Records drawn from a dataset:
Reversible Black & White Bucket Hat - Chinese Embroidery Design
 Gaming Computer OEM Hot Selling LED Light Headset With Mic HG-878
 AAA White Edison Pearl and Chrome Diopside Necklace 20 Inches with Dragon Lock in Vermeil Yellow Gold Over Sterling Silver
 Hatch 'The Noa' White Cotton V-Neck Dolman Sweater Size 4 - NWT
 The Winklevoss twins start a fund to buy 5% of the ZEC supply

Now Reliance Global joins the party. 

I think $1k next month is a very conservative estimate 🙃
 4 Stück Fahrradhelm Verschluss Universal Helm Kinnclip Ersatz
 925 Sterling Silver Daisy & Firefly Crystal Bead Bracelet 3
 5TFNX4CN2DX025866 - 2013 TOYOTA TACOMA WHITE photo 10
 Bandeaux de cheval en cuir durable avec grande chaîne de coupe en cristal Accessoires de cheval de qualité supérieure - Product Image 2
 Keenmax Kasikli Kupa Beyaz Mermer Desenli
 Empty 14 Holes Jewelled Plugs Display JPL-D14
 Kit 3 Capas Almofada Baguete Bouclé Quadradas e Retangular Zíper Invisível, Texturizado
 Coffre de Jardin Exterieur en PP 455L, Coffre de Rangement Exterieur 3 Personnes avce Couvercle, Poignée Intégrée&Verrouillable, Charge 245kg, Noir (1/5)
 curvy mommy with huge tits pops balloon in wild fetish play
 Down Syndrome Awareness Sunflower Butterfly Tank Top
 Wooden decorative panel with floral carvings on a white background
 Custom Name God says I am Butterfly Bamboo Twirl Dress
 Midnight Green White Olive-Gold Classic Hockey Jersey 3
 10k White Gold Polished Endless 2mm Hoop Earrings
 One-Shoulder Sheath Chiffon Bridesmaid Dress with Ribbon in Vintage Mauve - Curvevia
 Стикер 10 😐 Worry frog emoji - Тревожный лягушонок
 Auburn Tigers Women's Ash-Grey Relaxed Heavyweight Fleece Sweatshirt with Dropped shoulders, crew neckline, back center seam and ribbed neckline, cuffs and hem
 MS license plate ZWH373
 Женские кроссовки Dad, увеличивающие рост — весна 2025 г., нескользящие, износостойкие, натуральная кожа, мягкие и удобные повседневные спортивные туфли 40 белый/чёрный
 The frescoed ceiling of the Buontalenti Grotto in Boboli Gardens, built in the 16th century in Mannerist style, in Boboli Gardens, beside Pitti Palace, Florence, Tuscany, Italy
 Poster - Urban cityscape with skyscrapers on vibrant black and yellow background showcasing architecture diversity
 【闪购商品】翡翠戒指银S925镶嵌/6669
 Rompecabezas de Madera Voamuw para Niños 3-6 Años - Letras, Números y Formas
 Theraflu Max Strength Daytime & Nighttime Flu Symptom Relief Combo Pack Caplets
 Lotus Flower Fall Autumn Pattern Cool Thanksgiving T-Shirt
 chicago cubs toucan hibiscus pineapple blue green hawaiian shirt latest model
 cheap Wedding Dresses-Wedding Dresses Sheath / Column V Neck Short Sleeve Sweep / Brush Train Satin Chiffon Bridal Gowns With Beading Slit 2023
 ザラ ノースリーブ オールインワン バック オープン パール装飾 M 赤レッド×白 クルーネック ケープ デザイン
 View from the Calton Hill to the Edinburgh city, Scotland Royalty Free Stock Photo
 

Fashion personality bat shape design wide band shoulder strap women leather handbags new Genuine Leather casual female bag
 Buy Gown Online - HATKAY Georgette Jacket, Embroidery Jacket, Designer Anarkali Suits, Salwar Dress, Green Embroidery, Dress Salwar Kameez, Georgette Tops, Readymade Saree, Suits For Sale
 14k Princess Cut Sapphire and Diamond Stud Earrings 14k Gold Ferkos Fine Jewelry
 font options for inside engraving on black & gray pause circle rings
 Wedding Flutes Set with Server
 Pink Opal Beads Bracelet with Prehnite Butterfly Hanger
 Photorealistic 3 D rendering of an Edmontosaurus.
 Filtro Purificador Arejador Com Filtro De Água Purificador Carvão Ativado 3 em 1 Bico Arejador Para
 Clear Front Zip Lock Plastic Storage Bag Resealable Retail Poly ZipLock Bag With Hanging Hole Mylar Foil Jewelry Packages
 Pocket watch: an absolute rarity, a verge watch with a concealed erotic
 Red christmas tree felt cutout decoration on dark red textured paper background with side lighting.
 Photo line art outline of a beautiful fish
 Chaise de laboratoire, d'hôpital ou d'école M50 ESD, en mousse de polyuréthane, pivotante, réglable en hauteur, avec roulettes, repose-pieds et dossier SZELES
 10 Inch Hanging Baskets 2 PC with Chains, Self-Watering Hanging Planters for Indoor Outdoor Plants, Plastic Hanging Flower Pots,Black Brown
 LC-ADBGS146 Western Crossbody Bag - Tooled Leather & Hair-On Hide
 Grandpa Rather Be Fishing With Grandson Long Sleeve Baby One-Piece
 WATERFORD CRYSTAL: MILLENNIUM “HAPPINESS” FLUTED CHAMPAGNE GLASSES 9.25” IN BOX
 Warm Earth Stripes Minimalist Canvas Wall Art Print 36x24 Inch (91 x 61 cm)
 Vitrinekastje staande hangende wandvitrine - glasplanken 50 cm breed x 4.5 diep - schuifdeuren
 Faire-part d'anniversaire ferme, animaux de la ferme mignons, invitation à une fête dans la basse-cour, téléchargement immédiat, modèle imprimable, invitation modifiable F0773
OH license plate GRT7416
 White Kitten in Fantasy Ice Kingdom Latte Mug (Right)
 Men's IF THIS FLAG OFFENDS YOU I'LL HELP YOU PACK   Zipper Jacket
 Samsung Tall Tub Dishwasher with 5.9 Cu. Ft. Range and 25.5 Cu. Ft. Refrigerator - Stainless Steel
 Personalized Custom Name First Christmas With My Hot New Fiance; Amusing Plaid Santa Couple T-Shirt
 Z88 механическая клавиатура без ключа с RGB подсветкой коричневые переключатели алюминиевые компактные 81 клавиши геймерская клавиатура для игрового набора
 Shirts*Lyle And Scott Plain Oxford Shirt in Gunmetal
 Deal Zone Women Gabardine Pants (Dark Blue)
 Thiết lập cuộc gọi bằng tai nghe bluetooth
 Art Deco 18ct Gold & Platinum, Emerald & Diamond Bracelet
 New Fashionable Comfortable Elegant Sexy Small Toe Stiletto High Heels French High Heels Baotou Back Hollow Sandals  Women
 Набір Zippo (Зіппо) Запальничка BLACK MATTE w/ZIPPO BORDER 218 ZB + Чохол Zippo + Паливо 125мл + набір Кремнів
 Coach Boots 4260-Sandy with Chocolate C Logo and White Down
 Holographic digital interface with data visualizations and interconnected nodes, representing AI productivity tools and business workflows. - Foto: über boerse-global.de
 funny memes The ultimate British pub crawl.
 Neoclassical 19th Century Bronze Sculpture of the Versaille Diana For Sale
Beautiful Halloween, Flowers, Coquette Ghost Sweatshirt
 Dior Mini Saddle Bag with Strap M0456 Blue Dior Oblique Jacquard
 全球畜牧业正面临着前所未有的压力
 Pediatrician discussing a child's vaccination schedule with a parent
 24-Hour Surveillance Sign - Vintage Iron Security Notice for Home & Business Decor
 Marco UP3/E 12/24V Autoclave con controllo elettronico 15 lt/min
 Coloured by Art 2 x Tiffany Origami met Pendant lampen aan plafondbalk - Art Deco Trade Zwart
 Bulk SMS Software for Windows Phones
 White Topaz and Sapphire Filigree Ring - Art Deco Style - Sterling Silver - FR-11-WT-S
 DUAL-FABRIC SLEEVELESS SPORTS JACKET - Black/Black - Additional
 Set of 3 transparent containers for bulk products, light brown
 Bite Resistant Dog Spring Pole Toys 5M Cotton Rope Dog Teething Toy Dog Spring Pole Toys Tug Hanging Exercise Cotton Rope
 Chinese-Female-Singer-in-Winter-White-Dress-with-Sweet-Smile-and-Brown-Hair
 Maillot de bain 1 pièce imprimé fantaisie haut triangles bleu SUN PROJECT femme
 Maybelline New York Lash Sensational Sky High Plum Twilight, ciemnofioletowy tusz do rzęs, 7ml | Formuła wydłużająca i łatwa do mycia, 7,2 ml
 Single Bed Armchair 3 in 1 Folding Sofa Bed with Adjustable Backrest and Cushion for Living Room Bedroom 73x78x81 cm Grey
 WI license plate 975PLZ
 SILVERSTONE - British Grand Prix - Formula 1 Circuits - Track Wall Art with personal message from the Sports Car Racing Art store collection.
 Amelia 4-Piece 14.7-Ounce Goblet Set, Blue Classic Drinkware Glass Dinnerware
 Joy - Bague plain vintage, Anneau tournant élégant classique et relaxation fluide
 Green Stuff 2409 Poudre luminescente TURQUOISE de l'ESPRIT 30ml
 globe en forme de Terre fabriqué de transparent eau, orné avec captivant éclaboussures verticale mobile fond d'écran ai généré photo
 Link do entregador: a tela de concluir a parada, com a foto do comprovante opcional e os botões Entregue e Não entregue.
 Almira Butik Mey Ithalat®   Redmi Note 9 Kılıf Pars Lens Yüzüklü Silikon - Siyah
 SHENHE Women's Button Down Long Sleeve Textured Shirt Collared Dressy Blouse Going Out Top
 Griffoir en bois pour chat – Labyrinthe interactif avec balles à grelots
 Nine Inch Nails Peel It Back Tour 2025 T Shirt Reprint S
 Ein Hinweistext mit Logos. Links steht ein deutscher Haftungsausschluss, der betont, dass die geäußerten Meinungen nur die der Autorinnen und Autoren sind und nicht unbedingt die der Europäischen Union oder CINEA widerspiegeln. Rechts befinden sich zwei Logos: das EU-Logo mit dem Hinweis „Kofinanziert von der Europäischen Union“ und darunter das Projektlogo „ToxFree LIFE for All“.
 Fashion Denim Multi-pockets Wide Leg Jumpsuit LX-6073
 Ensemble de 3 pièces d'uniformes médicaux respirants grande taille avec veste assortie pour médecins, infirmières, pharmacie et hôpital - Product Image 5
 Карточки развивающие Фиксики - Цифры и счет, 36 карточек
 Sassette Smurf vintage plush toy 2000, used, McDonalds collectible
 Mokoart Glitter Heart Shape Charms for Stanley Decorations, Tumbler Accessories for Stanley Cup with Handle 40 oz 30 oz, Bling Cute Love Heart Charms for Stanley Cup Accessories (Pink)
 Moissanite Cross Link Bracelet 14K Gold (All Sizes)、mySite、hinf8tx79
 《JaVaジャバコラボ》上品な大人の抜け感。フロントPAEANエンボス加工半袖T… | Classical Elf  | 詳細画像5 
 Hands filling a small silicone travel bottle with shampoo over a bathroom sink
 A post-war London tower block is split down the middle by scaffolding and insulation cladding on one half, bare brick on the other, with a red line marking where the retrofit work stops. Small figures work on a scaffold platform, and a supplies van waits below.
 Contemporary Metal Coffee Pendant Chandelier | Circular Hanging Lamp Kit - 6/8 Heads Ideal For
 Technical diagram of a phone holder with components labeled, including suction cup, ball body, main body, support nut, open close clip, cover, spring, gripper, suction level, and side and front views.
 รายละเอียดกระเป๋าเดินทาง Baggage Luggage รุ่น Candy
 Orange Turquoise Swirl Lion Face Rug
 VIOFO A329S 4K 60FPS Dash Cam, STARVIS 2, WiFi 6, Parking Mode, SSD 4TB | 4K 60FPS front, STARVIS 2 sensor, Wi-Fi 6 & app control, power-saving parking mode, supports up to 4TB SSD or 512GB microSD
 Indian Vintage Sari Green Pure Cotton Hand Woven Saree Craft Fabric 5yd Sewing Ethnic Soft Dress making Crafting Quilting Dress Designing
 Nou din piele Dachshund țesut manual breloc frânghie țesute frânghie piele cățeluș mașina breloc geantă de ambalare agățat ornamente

▶ **Task requirements**
Quote the data above from the line containing "Holographic digital interface" to the line containing "Maillot de bain", inclusive, and stop.

▶ **Result of the task**
 Holographic digital interface with data visualizations and interconnected nodes, representing AI productivity tools and business workflows. - Foto: über boerse-global.de
 funny memes The ultimate British pub crawl.
 Neoclassical 19th Century Bronze Sculpture of the Versaille Diana For Sale
Beautiful Halloween, Flowers, Coquette Ghost Sweatshirt
 Dior Mini Saddle Bag with Strap M0456 Blue Dior Oblique Jacquard
 全球畜牧业正面临着前所未有的压力
 Pediatrician discussing a child's vaccination schedule with a parent
 24-Hour Surveillance Sign - Vintage Iron Security Notice for Home & Business Decor
 Marco UP3/E 12/24V Autoclave con controllo elettronico 15 lt/min
 Coloured by Art 2 x Tiffany Origami met Pendant lampen aan plafondbalk - Art Deco Trade Zwart
 Bulk SMS Software for Windows Phones
 White Topaz and Sapphire Filigree Ring - Art Deco Style - Sterling Silver - FR-11-WT-S
 DUAL-FABRIC SLEEVELESS SPORTS JACKET - Black/Black - Additional
 Set of 3 transparent containers for bulk products, light brown
 Bite Resistant Dog Spring Pole Toys 5M Cotton Rope Dog Teething Toy Dog Spring Pole Toys Tug Hanging Exercise Cotton Rope
 Chinese-Female-Singer-in-Winter-White-Dress-with-Sweet-Smile-and-Brown-Hair
 Maillot de bain 1 pièce imprimé fantaisie haut triangles bleu SUN PROJECT femme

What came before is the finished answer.